++++ DATA TO PROCESS ++++

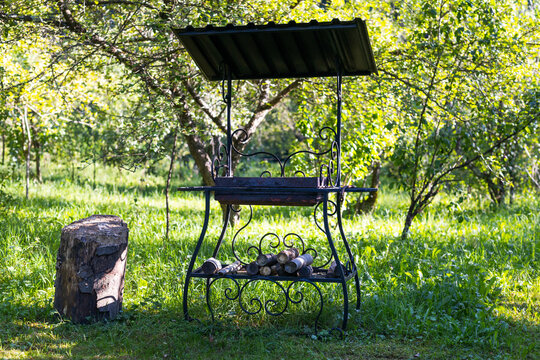 Ornamental metal garden grill stand with stacked firewood and stump in green orchard for outdoor picnic background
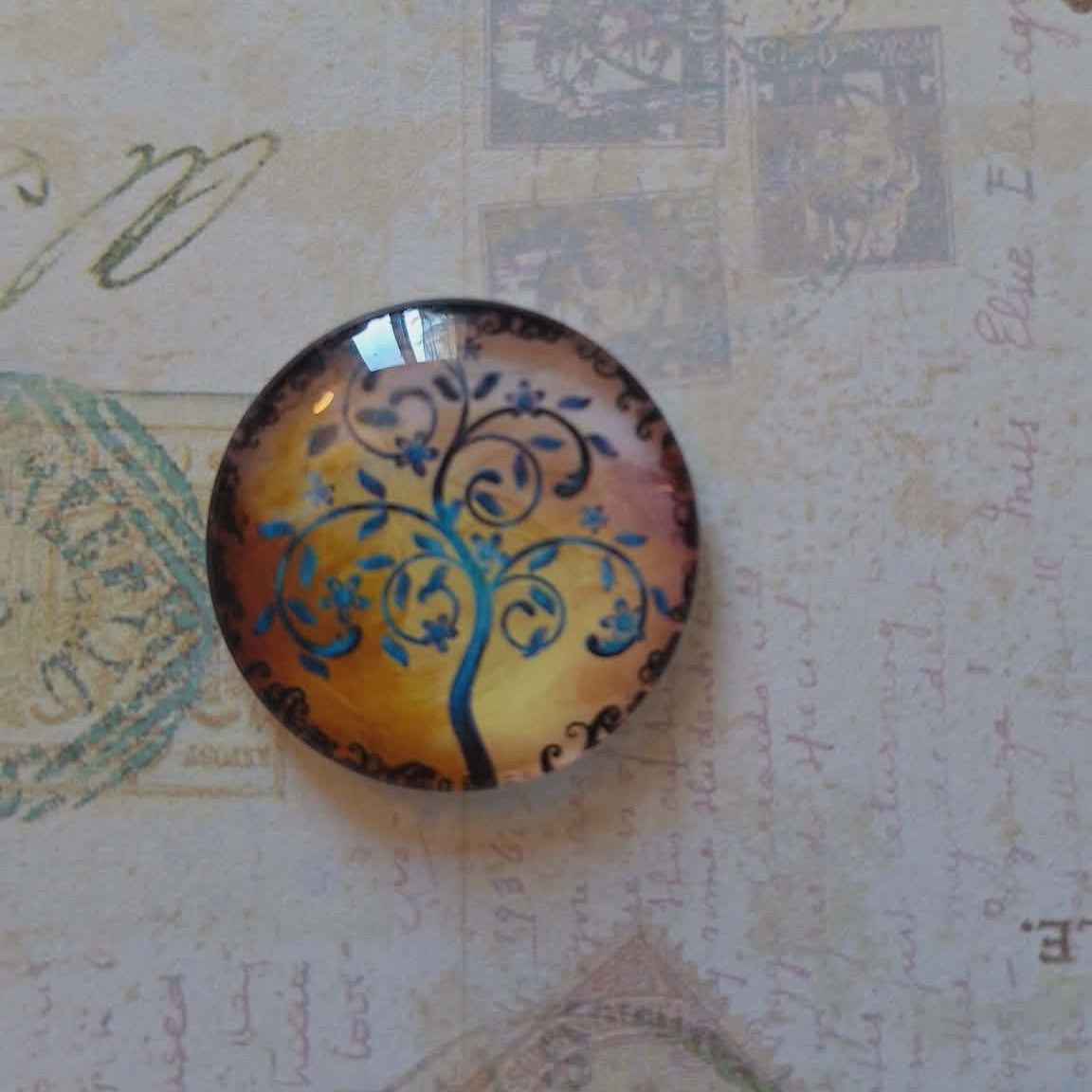 Decorative glass cabochon with tree design on an old letter background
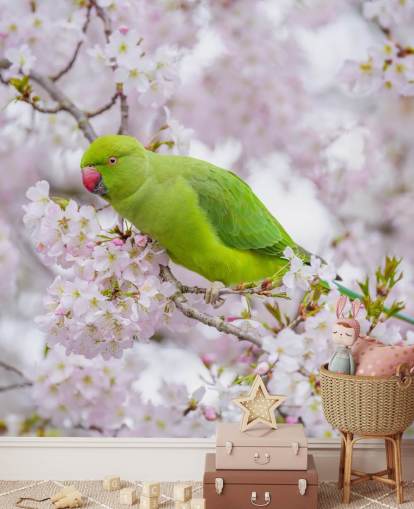 pink and green cherry blossom mural called Parrot Sitting in a Blossom Tree by Assaf Frank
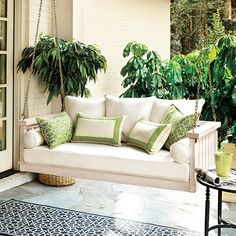 a white porch swing with green pillows and plants on the back wall, in front of an open patio door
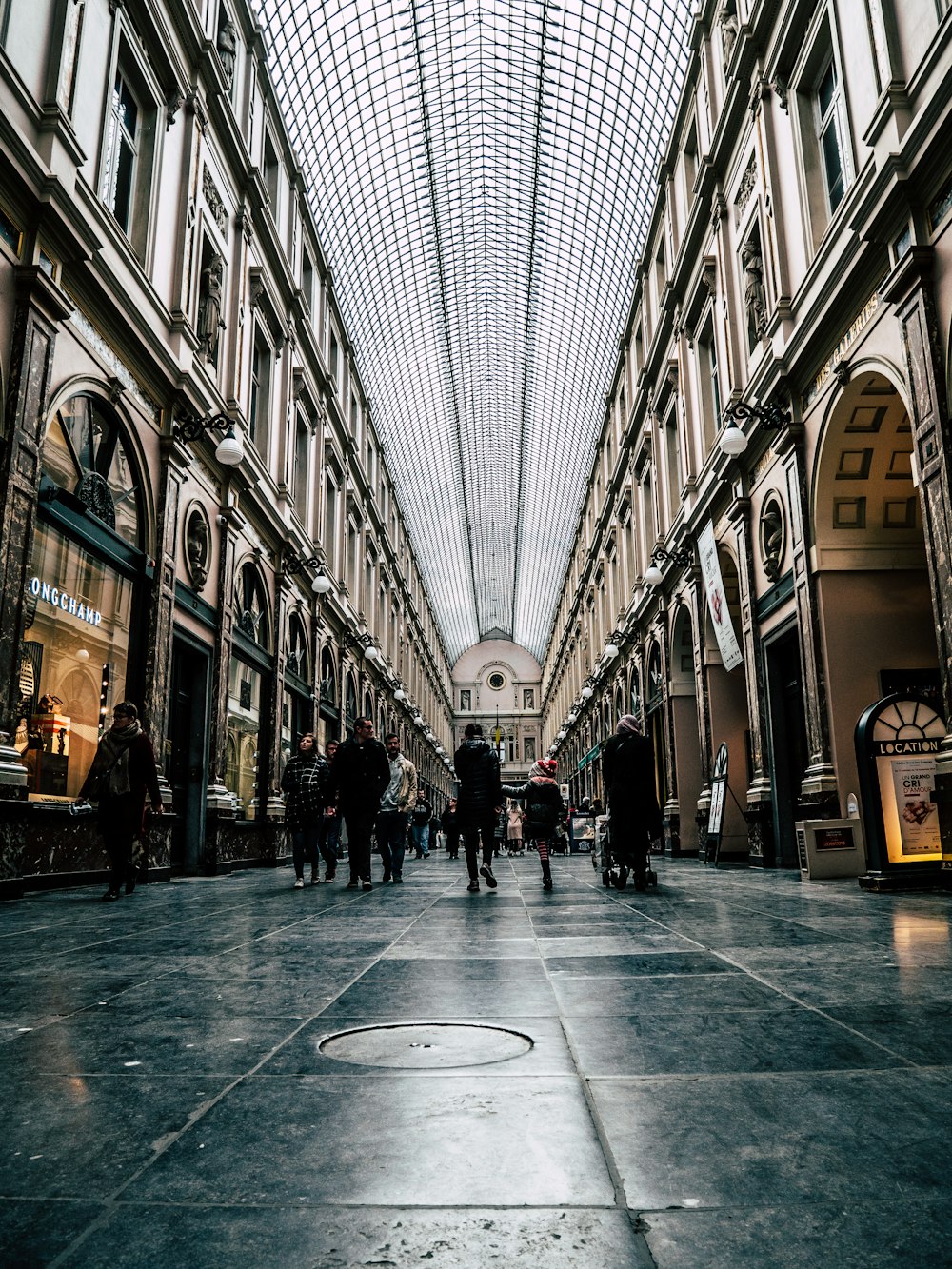 people walking on hallway between buildings during daytime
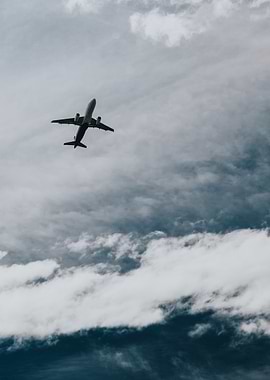 Airplane in Cloudy Sky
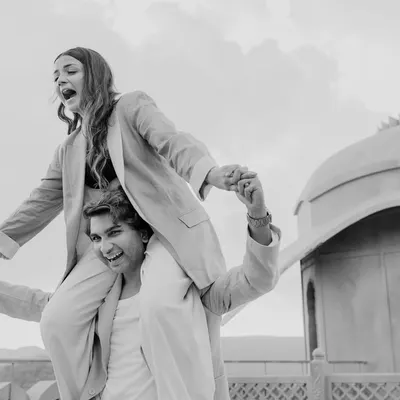 Pure, unscripted joy during a pre-wedding session in Jaipur. This candid black and white photo captures a playful piggyback ride, showing that the best moments are often the spontaneous ones.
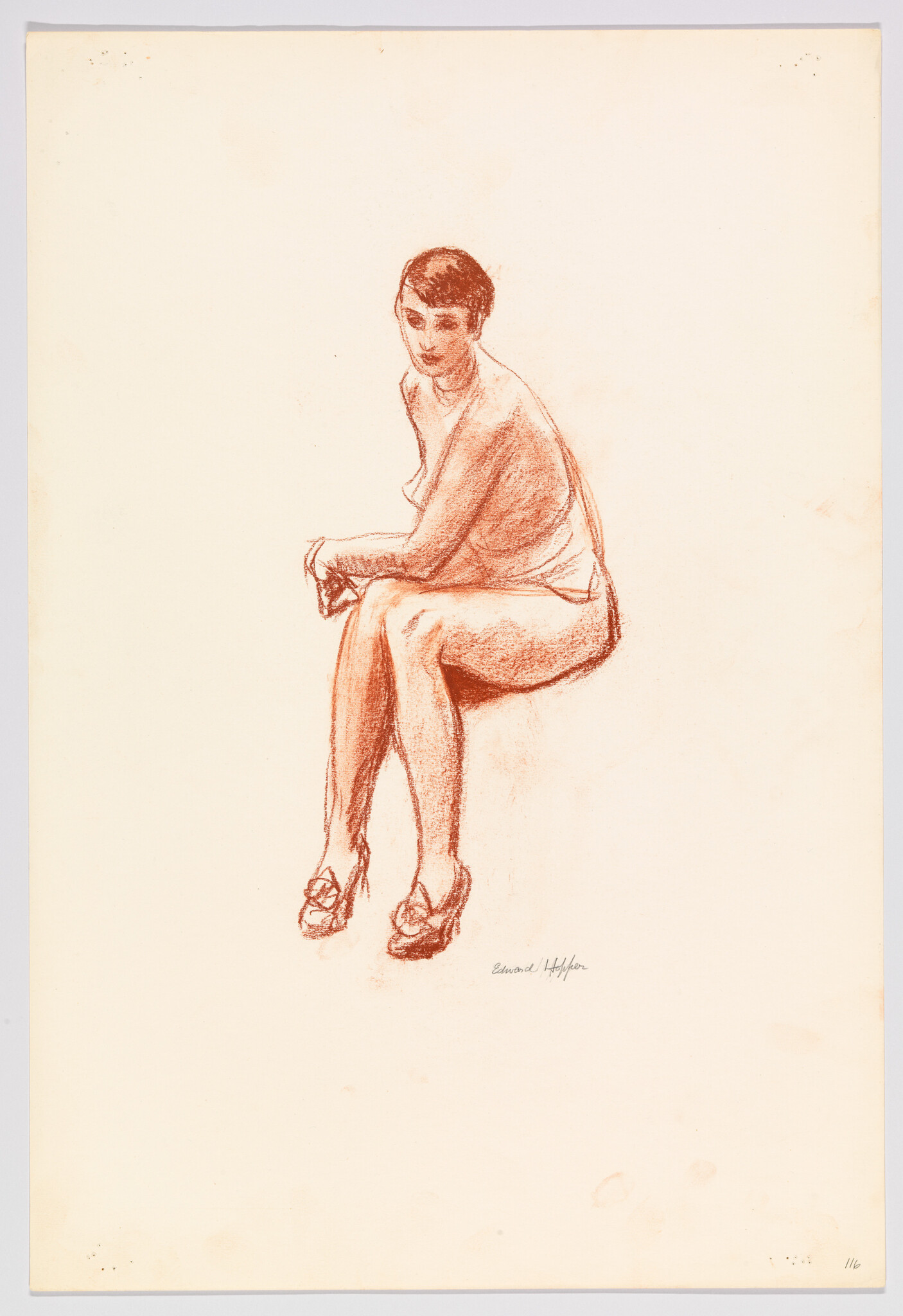 Seated woman with short hair sitting with hands clasped and legs crossed at knees.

++++

### EXERCISE GOAL
Give the data again exactly as it stands, apart from the pictures.

### ANSWER FOR THE TASK
 Ornamental metal garden grill stand with stacked firewood and stump in green orchard for outdoor picnic background
 Decorative glass cabochon with tree design on an old letter background
 pink and green cherry blossom mural called Parrot Sitting in a Blossom Tree by Assaf Frank
 a white porch swing with green pillows and plants on the back wall, in front of an open patio door
 people walking on hallway between buildings during daytime
 Airplane in Cloudy Sky
 Pure, unscripted joy during a pre-wedding session in Jaipur. This candid black and white photo captures a playful piggyback ride, showing that the best moments are often the spontaneous ones.
 Seated woman with short hair sitting with hands clasped and legs crossed at knees.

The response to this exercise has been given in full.